# Wordle Solver

You can take a systematic approach to solving wordle puzzles. This is my attempt to write an algorithm that will efficiently solve wordle puzzles. Really, I am trying to figure out what the best starting words and strategies are. 

First, I'll work on an algorithm that can solve the puzzle, given an answer.
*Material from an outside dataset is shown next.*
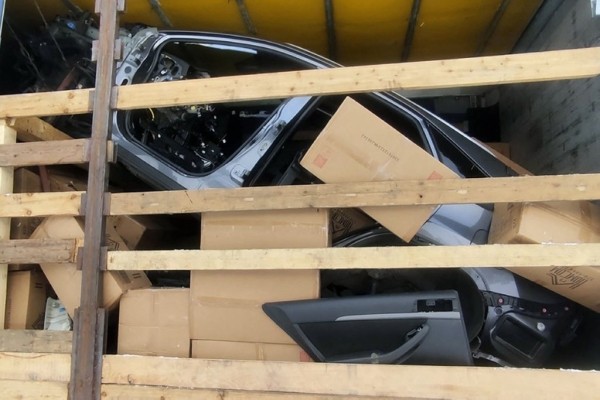 Кроссоверы разобрали и пытались ввезти под видом запчастей — вот каким будет штраф от таможни Кроссоверы разобрали и пытались ввезти под видом запчастей — вот каким будет штраф от таможни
I may later adapt this to interact with the wordle site and solve puzzles where the answer is truly unknown (in other words, an algorithm you could use to actually solve a puzzle). 
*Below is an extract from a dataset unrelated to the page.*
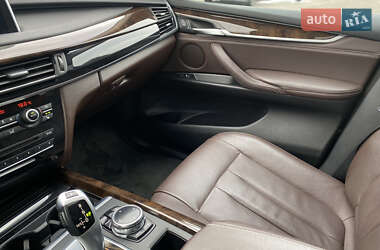 Внедорожник / Кроссовер BMW X5 2014 в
<b>Goal for the first Minimal Viable Product of this analysis: </b>
- Write a function that can be fed a huge list of 5 letter words, and a list of starting words
    - attempts to solve the wordle for each possible 5 letter answer in 6 attempts or fewer 
    - iterates over each starting word and each possible 5 letter answer 
    - tracks success rate and number of attempts for each starting word 
- visualize success of each starting word 
    - which words solved the puzzle quickest 
    - which words had the highest success rate 
- I may make multiple versions of the function that operate under different strategies and see which one had the best results on average 


### Wordle Solver (given the answer) 

In [2]:
import pandas as pd
from english_words import english_words_lower_alpha_set as words # lower case letters, no punctuation 

In [9]:
type(words)
len(words)

25463

In [75]:
# create a dataframe from the set of words 
word_list = list(words)
word_df = pd.DataFrame(word_list).rename(columns = {0:"word"})

In [76]:
# add columns for info on words 
word_df['length'] = [len(w) for w in word_df.word]

In [77]:
# add count of unique letters 
word_df['unique_length'] = [len(set(word)) for word in word_df.word]

In [42]:
sample[0]

'cecil'

In [43]:
set(sample[0])

{'c', 'e', 'i', 'l'}

In [48]:
'a' in set(sample[0]) or 'i' in set(sample[0])

True

In [54]:
[vowel for vowel in set(sample[0]) if vowel in ['a','e','i','o','u','y']]

['e', 'i']

In [None]:
for sample_word in sample: 
    for letter in set(sample_word):
        if letter in ['a','e','i','o','u']: 
            letter

In [58]:
[letter for sample_word in sample for letter in set(sample_word) if letter in ['a','e','i','o','u']]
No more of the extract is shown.